_RECORDS TO PROCESS_.

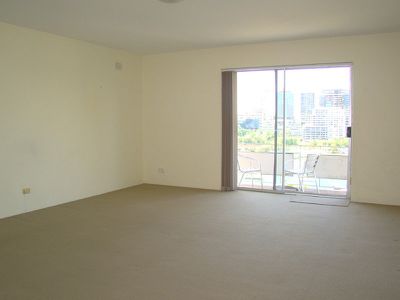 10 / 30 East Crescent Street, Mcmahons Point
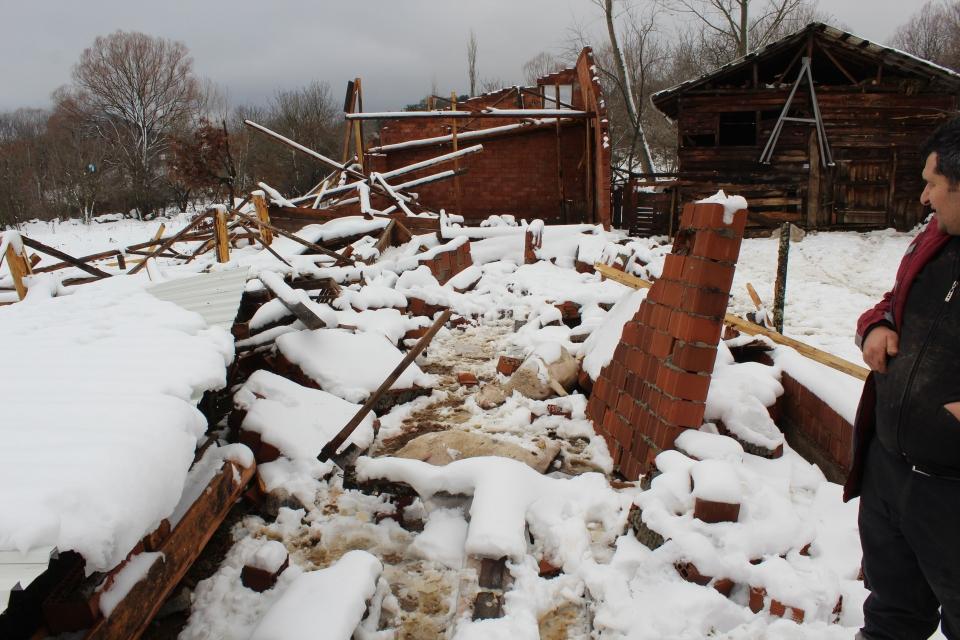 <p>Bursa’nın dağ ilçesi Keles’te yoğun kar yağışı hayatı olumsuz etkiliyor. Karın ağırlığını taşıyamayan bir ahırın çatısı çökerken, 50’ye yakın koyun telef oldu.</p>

--

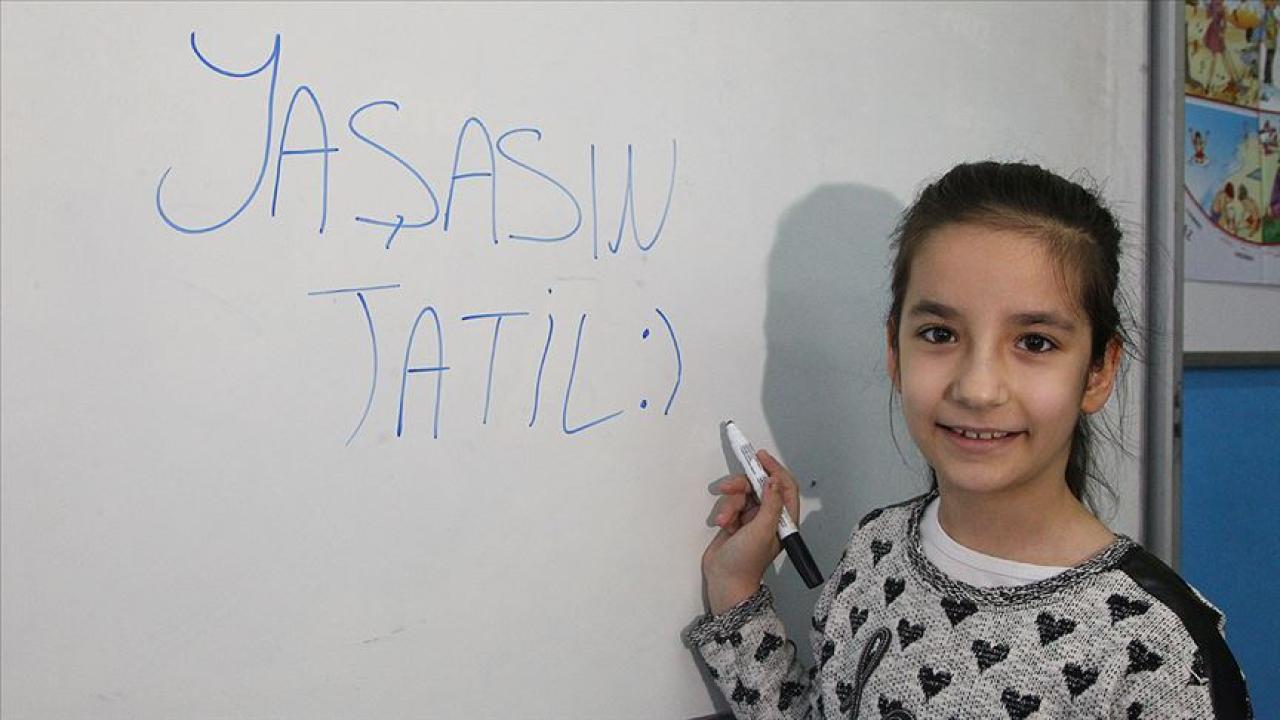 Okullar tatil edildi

_WHAT TO DO_. Take the lines above starting at the one containing "10 / 30 East Crescent Street, Mcmahons Point" and ending at the one containing "<p>Bursa’nın dağ ilçesi", and print them again exactly, without pictures.

_RESPONSE AREA_.
 10 / 30 East Crescent Street, Mcmahons Point
 <p>Bursa’nın dağ ilçesi Keles’te yoğun kar yağışı hayatı olumsuz etkiliyor. Karın ağırlığını taşıyamayan bir ahırın çatısı çökerken, 50’ye yakın koyun telef oldu.</p>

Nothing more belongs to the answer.